I remain amazed at what a distinctive screen presence Giamatti has and how much he brings to each role that isn't on the page. He is a master at depicting disheveled, broken-hearted men who feel like losers no matter how much success they have actually attained (he even achieved this when playing John Adams). This film might have seemed an unforgiving cautionary tale with someone else in the role, but Giamatti draws out the raw humanity of the story. The film cruises quickly between broad comedy and stark tragedy, and Giamatti handles every tonal shift with perfection. His Golden Globe nomination for the role was certainly deserved.
However, Giamatti is surrounded by a host of talented supporting players who each brings something special to the table. The best of these is Dustin Hoffman, who hits such delightful comic notes in his role as Barney's amusingly oblivious father ("This is wonderful chicken," he remarks while munching on fish at the home of Barney's wealthy in-laws).
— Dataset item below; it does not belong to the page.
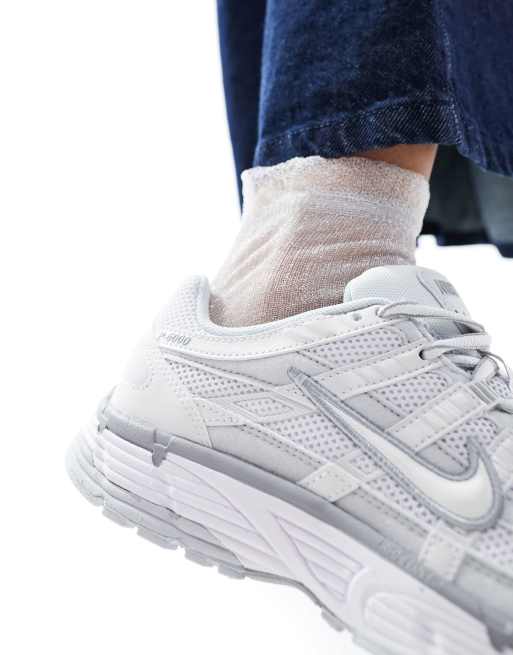 Nike P-6000 sneakers in white and silver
In Hoffman's performance we see hints of Barney's own strengths and weaknesses, though the father seems far less troubled by his personal problems than the son. Rosamund Pike (An Education) also does splendid work as the one true love of Barney's life. She feels for him, but this seems fueled as much by pity as by desire. Pike hits some interesting notes as she essays what is essentially a decades-long act of kindness.
Impressing in even smaller roles: a confused Minnie Driver (The Riches) as Barney's second wife, an impossibly handsome and hilariously pretentious Bruce Greenwood (Star Trek (2009)) as a man Barney feels more than a little threatened by, Mark Addy (Game of Thrones) as an overbearing detective and Scott Speedman (The Strangers) as one of Barney's close friends. I was also pleasantly surprised to discover fun cameos by Canadian directors David Cronenberg and Atom Egoyan (playing unenthusiastic directors of Barney's awful TV soap opera).
Barney's Version arrives on Blu-ray sporting a handsome 1080p/2.35:1 transfer. The film spans several decades and this hi-def transfer allows the viewer to fully appreciate the subtle production design and makeup work done during the assorted periods of Barney's life. Detail is excellent throughout, blacks are deep and inky, contrast is impressive and a warm layer of natural grain has been left intact. This is a sharp-looking movie. Audio is sturdy, with a well-chosen blend of familiar but unpredictable pop tunes easing us through the non-linear structure and dialogue coming through with clarity. Crowd scenes and party scenes offer impressively immersive sound design, too. The score comes through with strength, but does veer into syrupy territory a bit too frequently. Extras include a commentary with Lewis, producer Robert Lantos and writer Michael Konyves, a Q&A session with Giamatti and Annette Insdorf, some red carpet footage, an interview with novelist Mordecai Richler and an EPK-style featurette called "Behind the Scenes of Barney's Version." You also get a DVD copy of the film.
Emotionally involving, frequently entertaining and superbly acted, Barney's Version is well worth checking out.